I’m still undecided about my hiking outfit. Pencilled in right now for legwear are the Arcteryx Lafroy pants which I’ve gained some experience with, in a 32/32 which are only 280g and lighter and tougher than they may first appear. I’ve never been one for hiking in shorts and it wouldn’t be hard to find a pair en route if I did decide to try that.
On top I would start with the same Outdoor Research Echo LS Tee in small if I was starting today. Despite being incredibly light (102g) it held up well over 1000 miles of the AT so is still functional enough to use. But I don’t love it so will likely keep looking for something light and breathable but with a high UPF.
For my shoes I am currently trialling the popular La Sportiva Ultra Raptor in UK size 9 (736g per pair). They are not as cushioned as my (worn-out) Hoka One One Tor Ultra Low (696g per pair), and therefore not as comfortable, but right now Hoka are not offering a hiking-specific low shoe other than the quite old Tor Summit WP, a pair of which I have owned for a while now. I am keeping an eye on Hoka this year to see if they get back into the low-cut market (in fact they have never once offered a non-waterproof hiking shoe of any type, which really would be ideal and I would buy 3 pairs immediately if they released some!).

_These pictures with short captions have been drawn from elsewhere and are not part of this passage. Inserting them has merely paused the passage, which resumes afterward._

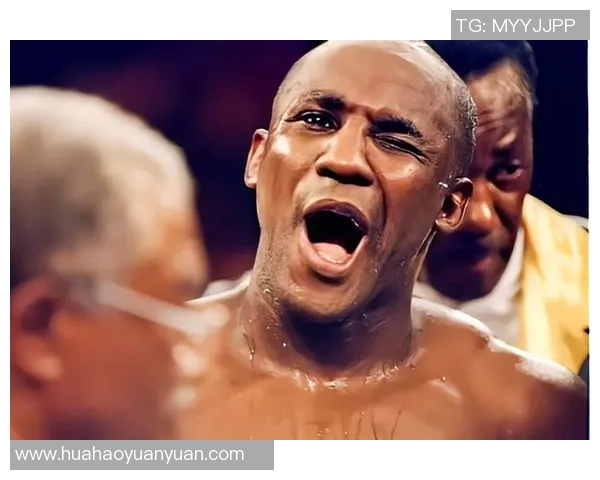 琼斯的传奇人生与事业发展探秘：从平凡到卓越的奋斗历程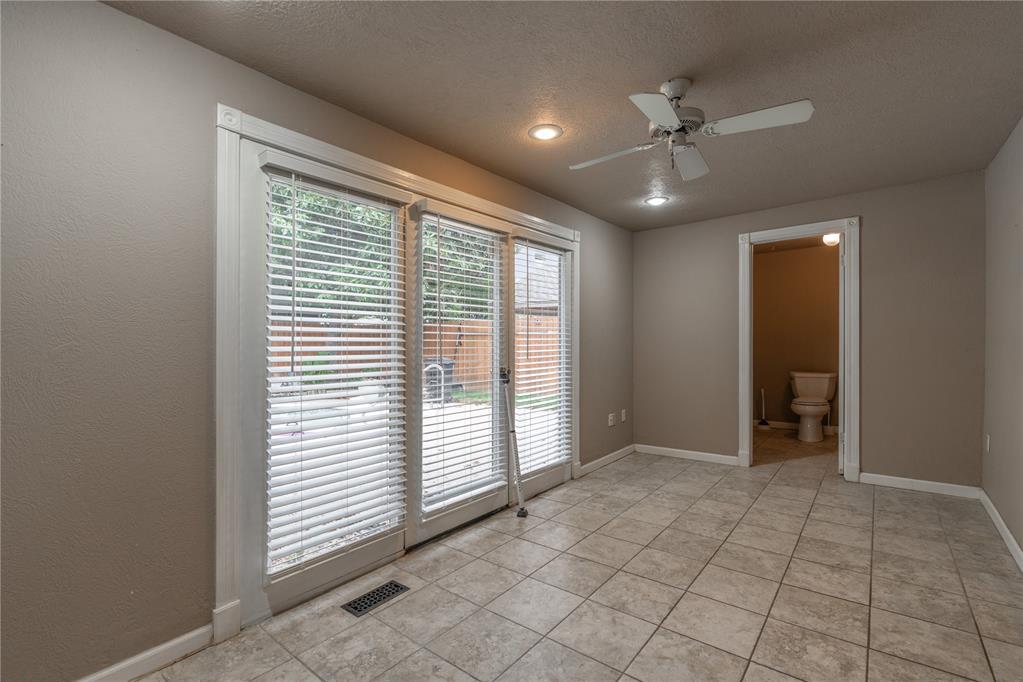 2513 Sw 95th Street Property Photo 22
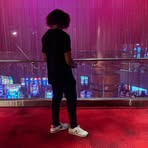 TaySean Smith - Facebook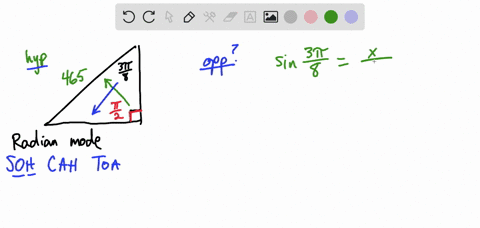 solve-the-right-triangle_-465-find-the-length-of-the-side-opposite-to-the-given-angle-round-your-answer-to-two-decimal-places_-find-the-length-of-the-side-adjacent-to-the-given-angle-round-y-97359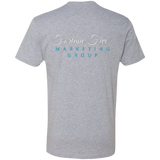 FFMG Premium Short Sleeve T-Shirt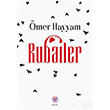 Rubailer mer Hayyam Nilfer Yaynlar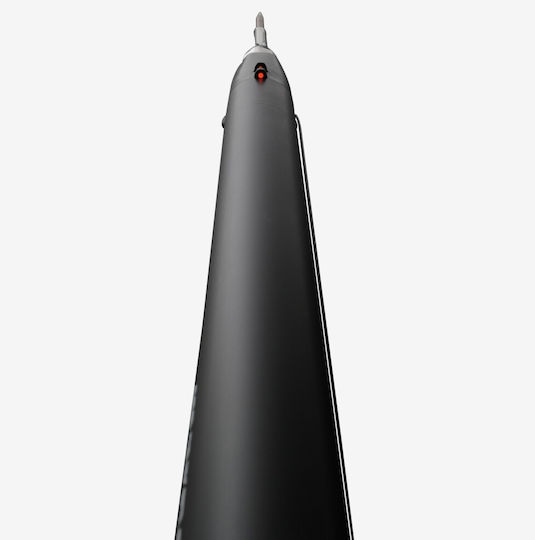 Mares Ψαροντούφεκο Αεροβόλο Force WP 110cm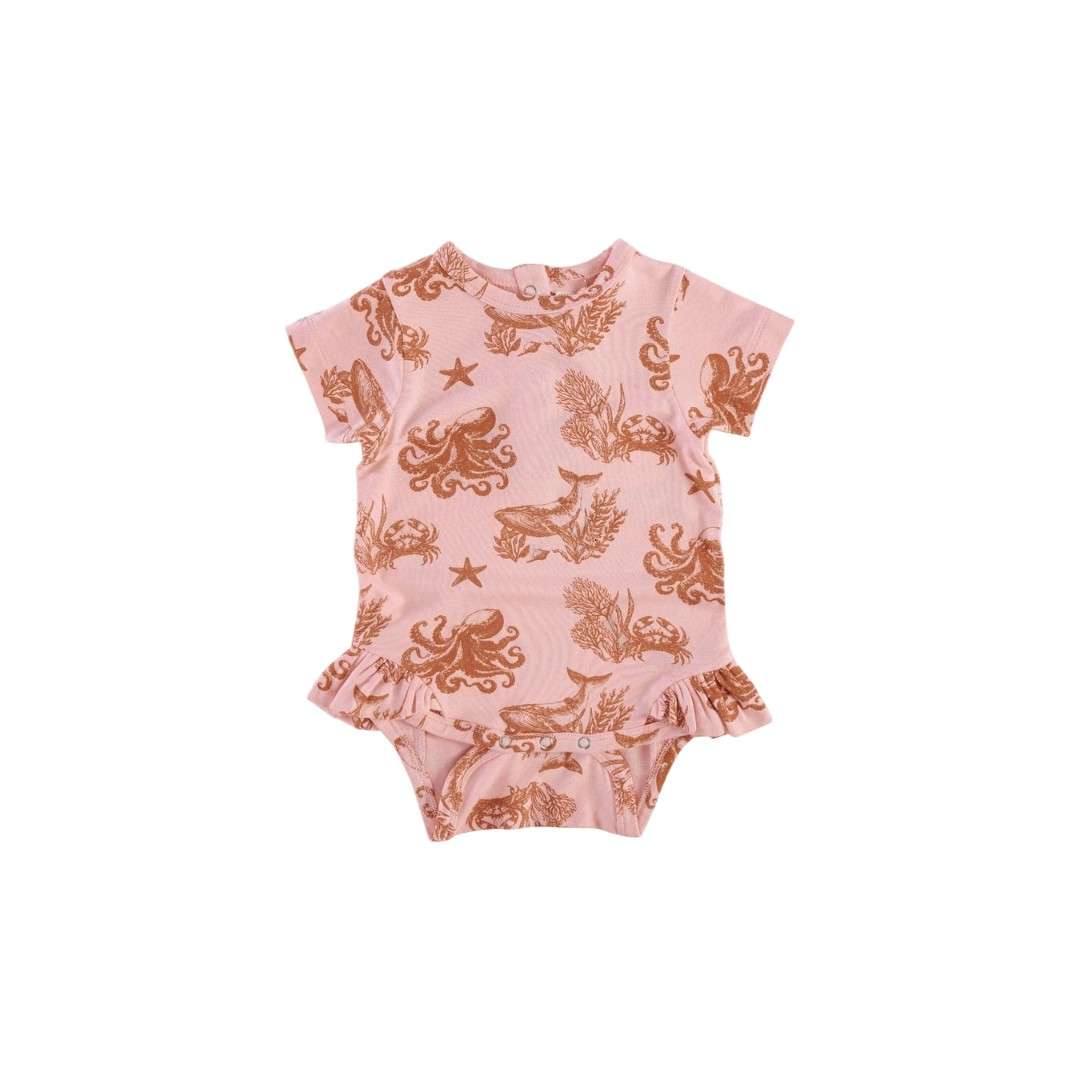 bamboo clothing-27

For the Sierras I may use the Nortec Trail Micro Crampons (188g) although they may be a little under-powered if 2018 turns out to be a high snow year like this year in which case I could switch to Nortec’s Nordic Micro Crampons (294g) or even the standard-but-heavy Katoohla Microspikes (394g).
And if I slip and fall down icy mountain slopes despite the crampons then to try and avoid, like, dying I will carry an ice axe which specifically may be the Suluk46 TiCa Ice Tool (140g) though the cheaper and easier-to-source Camp Corsa (205g) would be just fine instead.
On the more experimental front I recently purchased a Marmot Graviton 38 backpack to see if it could improve on the Osprey Exos 38/48 which is the current incumbent. On paper it boasts some of the key features of the Exos: trampoline back to help avoid heat exhaustion in the desert, holster-style side pockets for easy (and weightless) water bottle access, a stretch front pocket and a removable quick-access top pocket (“brain” in Osprey parlance).
I have worn the Graviton 38 on several day hikes but have not yet weighed it down with a typical PCT weight to include 5 days of food and 6 litres of water. Initial impressions are mixed: the holster cut-outs are way too small to be useful for anything other small 500ml bottles (and even then it’s hard to get them back in especially once the pack is packed); the hipbelt pockets are really excellent – large and easy to access; the pack is completely waterproof (I tested this out in 5 hours of wind-driven rain) at least while the DWR treatment holds up; the lumbar foam padding seems to poke into me a bit but not enough to cause a problem; the front pocket is not all stretchy as 90% of it is solid material and therefore it cannot carry half the gear of the Exos. Finally, I’m not sure the hipbelt is fitting snugly enough to transfer the weight properly but the real test will be with 25lb, not 12. Anyway, it’s nice to try something new out knowing I can go back to the Exos 48 without a worry.